Funds raised at the event will be invested in hands-on training, networking, resource-sharing, and other professional opportunities for women.
WSC also organizes camps, workshops, study groups, and speaker programs for girls from age 10 and onwards.
Women in the C-suite
According to a report earlier this year from the (ISC)² – the International Information System Security Certification Consortium – women represent 24% of the global cybersecurity workforce.

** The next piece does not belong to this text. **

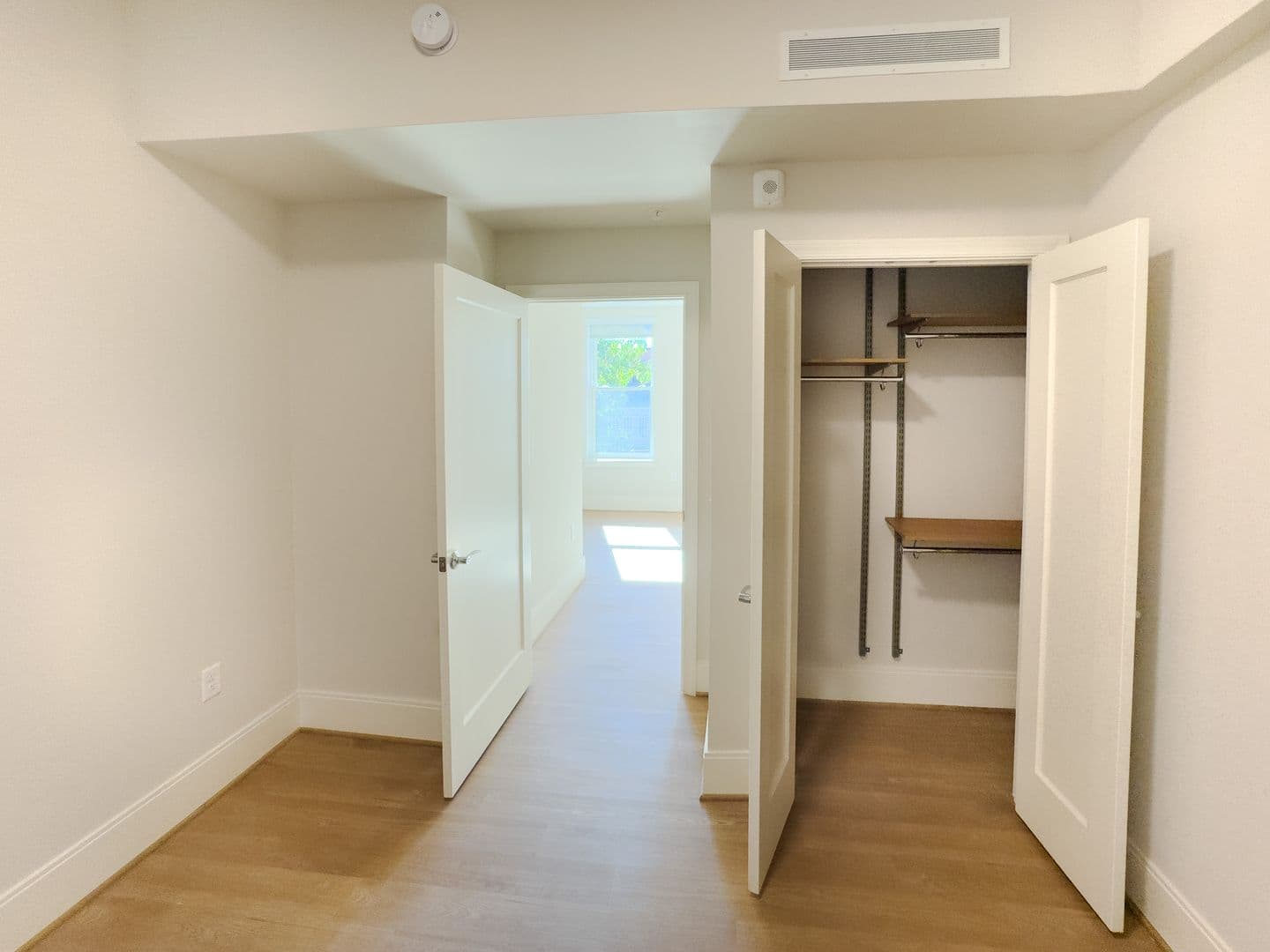 Washington Apartment: 3220 Prospect Street, NW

In 2017 this number was only 11%, as stated in the widely circulated Global Information Security Workforce Study (GISWS).
However, the situation's changing fast, with more millennial women entering the profession, and increasingly getting to the top – 7% of female cybersecurity professionals reach the level of chief technology officer, for example, compared with just 2% of men.
Interestingly, women in security jobs, on average, have received more higher education than their male counterparts – 52% of women hold a post-graduate degree, compared with the 44% of men who have the same.
“The data confirms what we’ve been seeing for the past few years on the ground,” says (ISC)² CEO David Shearer.
“More women are coming into the field of cybersecurity with post-graduate degrees and, not only working in the trenches, but also in the C-suite.”
He added: “Women in high-level positions will foster more inclusion and inspire young women to join the industry.”